I have a dataset similar to this one:
Mother ID ChildID ethnicity
0 1 1 White Other
1 2 2 Indian
2 3 3 Black
3 4 4 Other
4 4 5 Other
5 5 6 Mixed-White and Black
To simplify my dataset and make it more relevant to the classification I am performing, I want to categorise ethnicities into 3 categories as such:
- White: within this category I will include 'White British' and 'White Other' values
- South Asian: the category will include 'Pakistani', 'Indian', 'Bangladeshi'
- Other: 'Other', 'Black', 'Mixed-White and Black', 'Mixed-White and South Asian' values
So I want the above dataset to be transformed to:
Mother ID ChildID ethnicity
0 1 1 White
1 2 2 South Asian
2 3 3 Other
3 4 4 Other
4 4 5 Other
5 5 6 Other
To do this I have run the following code, similar to the one provided in this answer:
col = 'ethnicity'
conditions = [ (df[col] in ('White British', 'White Other')),
(df[col] in ('Indian', 'Pakistani', 'Bangladeshi')),
(df[col] in ('Other', 'Black', 'Mixed-White and Black', 'Mixed-White and South Asian'))]

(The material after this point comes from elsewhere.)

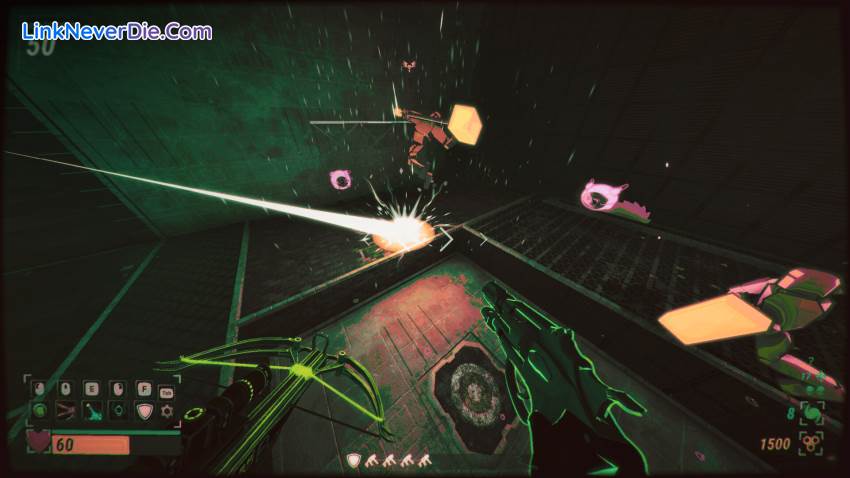 Hình ảnh trong game ROBOBEAT (screenshot)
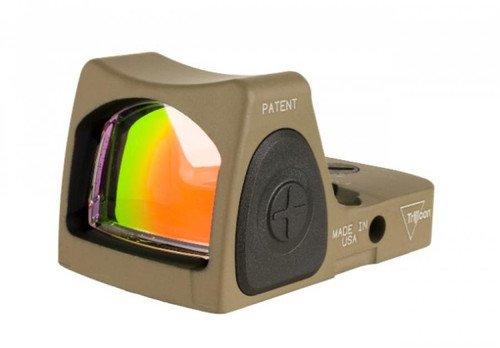 Trijicon RMR® Type 2 Red Dot Sight 1 MOA Red Dot, Adjustable LED, FDE Cerakote 700745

choices = ['White', 'South Asian', 'Other']
df["ethnicity"] = np.select(conditions, choices, default=np.nan)
But when running this, I get the following error: ValueError: The truth value of a Series is ambiguous. Use a.empty, a.bool(), a.item(), a.any() or a.all().
Any idea why I am getting this error? Am I not handling the string comparison correctly? I am using a similar technique to manipulate other features in my dataset and it is working fine there.